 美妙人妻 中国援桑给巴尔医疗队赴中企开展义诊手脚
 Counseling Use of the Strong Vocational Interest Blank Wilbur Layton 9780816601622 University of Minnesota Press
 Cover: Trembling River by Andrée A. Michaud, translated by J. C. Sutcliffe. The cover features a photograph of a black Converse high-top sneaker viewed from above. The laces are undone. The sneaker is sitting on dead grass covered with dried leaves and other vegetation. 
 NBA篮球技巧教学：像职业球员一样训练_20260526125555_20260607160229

--------------------------------

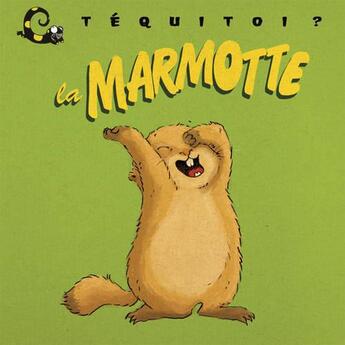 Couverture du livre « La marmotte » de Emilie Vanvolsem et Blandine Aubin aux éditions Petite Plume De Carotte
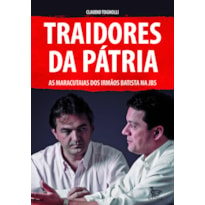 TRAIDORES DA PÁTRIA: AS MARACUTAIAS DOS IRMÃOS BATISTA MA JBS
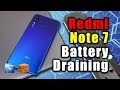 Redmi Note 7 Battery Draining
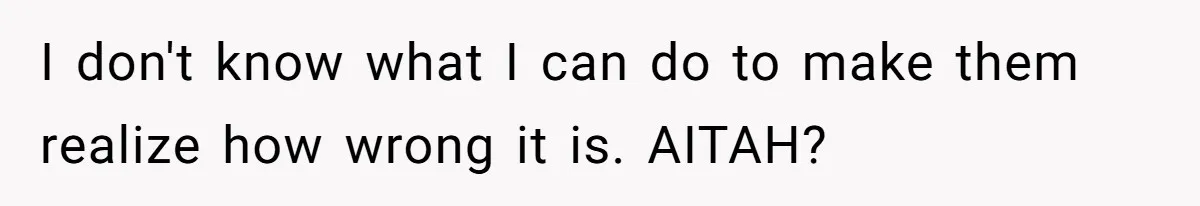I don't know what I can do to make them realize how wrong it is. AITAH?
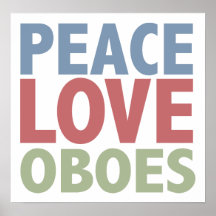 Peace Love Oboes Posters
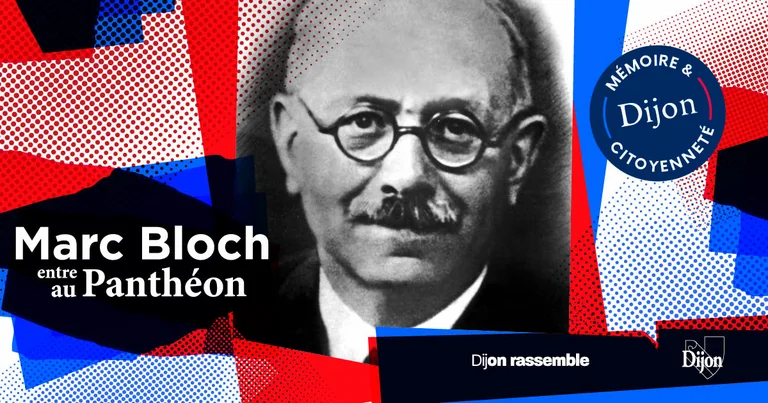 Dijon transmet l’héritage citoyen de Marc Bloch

--------------------------------

* Task requirements:
Only the lines starting at the one that includes "I don't know" and ending at the one that includes "Dijon transmet l’héritage" should be retyped, exactly, from the records above; no pictures.

* Answer to the problem:
I don't know what I can do to make them realize how wrong it is. AITAH?
 Peace Love Oboes Posters
 Dijon transmet l’héritage citoyen de Marc Bloch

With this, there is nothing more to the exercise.